ペルセウスはアテネとヘルメスの援助を受けて、まずゴルゴー三姉妹の上の姉妹であるグライアイ三姉妹の元を訪れ、彼等を攻略する。彼女らにゴルゴー三姉妹退治の方法を教わり、唯一不死でない三姉妹のうち一番若いメデューサ(女王)の首を斬る。顔を見た者を石にする力は首だけになっても有効で、この強力な武器を入手したペルセウスは帰り道に海の怪物を退治してアンドロメダを妻に得る。
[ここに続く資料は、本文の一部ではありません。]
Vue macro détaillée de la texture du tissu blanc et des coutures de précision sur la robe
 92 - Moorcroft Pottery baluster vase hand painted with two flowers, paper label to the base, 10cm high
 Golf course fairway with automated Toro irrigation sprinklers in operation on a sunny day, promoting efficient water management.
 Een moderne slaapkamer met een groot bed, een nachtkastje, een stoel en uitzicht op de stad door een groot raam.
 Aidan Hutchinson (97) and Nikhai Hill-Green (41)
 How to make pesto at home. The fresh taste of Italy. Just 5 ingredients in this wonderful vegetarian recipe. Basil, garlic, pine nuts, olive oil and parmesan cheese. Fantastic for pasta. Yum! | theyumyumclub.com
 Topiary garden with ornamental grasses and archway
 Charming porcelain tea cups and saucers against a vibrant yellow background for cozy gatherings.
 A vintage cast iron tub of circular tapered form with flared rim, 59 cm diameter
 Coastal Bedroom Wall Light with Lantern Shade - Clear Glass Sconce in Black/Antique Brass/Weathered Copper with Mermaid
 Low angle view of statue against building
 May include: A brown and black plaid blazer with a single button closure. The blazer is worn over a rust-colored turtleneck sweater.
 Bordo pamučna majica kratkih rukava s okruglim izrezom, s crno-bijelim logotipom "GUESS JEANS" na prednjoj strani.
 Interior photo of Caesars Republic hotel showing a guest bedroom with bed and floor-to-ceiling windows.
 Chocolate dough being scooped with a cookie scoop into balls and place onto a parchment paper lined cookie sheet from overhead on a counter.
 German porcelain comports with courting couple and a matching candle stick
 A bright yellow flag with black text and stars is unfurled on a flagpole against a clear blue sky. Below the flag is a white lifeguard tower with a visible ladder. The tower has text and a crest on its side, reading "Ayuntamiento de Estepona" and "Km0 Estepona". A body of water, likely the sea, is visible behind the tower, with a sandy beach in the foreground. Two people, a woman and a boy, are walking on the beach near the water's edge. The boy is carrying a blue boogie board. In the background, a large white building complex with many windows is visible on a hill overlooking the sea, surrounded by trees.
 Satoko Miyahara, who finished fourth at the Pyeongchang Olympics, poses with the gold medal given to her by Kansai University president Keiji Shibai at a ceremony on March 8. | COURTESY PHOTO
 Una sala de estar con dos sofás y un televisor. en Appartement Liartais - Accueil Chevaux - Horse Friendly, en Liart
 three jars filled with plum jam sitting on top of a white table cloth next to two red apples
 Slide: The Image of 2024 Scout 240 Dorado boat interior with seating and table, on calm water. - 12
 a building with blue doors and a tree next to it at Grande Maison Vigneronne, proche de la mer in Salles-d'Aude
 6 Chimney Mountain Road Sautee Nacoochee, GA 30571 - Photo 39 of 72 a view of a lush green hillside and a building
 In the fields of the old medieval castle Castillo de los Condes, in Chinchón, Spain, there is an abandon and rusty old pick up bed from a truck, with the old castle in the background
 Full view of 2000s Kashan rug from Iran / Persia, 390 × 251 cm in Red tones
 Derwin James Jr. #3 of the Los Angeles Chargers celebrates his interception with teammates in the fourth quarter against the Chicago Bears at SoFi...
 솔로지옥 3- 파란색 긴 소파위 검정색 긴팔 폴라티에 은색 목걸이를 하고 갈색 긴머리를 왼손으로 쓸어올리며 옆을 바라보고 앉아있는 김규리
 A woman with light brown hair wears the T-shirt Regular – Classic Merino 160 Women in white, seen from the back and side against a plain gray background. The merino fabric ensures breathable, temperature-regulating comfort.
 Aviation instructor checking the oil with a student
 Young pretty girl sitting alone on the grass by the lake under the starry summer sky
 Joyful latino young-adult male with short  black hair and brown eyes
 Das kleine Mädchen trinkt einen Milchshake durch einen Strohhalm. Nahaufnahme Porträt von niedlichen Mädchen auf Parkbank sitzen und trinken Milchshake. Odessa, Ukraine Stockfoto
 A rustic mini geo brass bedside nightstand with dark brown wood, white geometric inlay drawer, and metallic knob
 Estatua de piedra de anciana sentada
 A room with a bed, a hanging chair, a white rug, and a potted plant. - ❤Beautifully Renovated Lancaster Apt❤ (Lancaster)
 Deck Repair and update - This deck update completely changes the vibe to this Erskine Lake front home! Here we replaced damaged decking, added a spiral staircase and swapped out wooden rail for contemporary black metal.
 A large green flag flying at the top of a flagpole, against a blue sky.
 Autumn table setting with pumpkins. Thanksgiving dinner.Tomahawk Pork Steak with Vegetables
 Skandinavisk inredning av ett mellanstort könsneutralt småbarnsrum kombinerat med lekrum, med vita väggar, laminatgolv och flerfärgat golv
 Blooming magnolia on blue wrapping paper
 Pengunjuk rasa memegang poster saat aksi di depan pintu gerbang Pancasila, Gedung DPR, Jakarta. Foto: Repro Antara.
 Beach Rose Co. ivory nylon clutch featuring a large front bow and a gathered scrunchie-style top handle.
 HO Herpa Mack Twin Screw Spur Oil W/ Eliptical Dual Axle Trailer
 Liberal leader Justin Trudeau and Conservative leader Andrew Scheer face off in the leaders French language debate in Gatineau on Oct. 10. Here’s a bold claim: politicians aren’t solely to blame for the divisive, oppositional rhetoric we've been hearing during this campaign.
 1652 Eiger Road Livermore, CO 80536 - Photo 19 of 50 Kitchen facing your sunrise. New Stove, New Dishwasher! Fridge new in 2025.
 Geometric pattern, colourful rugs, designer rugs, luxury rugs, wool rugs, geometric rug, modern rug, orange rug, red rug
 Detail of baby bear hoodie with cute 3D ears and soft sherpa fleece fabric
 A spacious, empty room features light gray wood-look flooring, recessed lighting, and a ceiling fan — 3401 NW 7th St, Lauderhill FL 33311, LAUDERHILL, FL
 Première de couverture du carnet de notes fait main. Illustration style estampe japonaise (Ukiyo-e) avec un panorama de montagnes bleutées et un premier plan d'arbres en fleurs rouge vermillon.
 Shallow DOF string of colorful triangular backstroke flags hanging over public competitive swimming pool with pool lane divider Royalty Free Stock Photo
ギュスターヴ・ドレの絵画『アンドロメダ』(1869年)。 個人所蔵。
www.artpassions.net, パブリック・ドメイン, https://commons.wikimedia.org/w/index.php?curid=19155による
さらに叔父の一党もすべて石にして、アルゴスの王になる。
このペルセウスの話もこの後、ディオニソスと戦い勝利してしまうとか、その際にアリアドネを殺してしまうとか謎な話が続くのだが、それはまたいつか。
この話、いかにも他民族を征服していった英雄譚の匂いがする。ゴルゴー三姉妹は征服された姉妹都市であろうか。
メデューサは本来は古い大地女神で厄除けの力を有した。
ギリシャ神話に編み込まれるなかで、ポセイドンとアテナの神殿で交わり、アテナに激怒され自慢の髪を蛇とされたという話が作られたそうだ。
戦争に負けるということは、その神々までも殺されてしまうということなのだろう。
古い神話を語ることを禁じられ、新しい話を繰り返し聞いて育つ子どもたち。
やがてその民族は消えていってしまうことだろう。
メデューサの顔は建物の守り神として柱の上などに飾られ、それが日本の鬼瓦となったという話もある。
トルコのエフェソス遺蹟にあるハドリアヌス神殿のメデューサのレリーフ
写真はナザールボンジュウというトルコのお土産。
これもメデューサが元になっているとあるサイトには書いてあった。
下の写真はトルコイスタンブールの地下貯水池にあるメデューサ頭部の像。
なぜ逆さまなのかはわからない。
下の写真はベルサーチ。これなんでメデューサなんだろう?
それに髪の毛、蛇なのかな。
最後はシチリア自治州の州旗。シチリア島の3つの岬を表すトリナクリナ(三角形)の中央に描かれているのはメデューサであるという。
麦の穂が飾られており、大地の女神らしい姿だ。
やはり美人だったのだろう。
だってその顔を見て凍り付いて目が離せなくなるのは、どう考えたって美人に決まっている。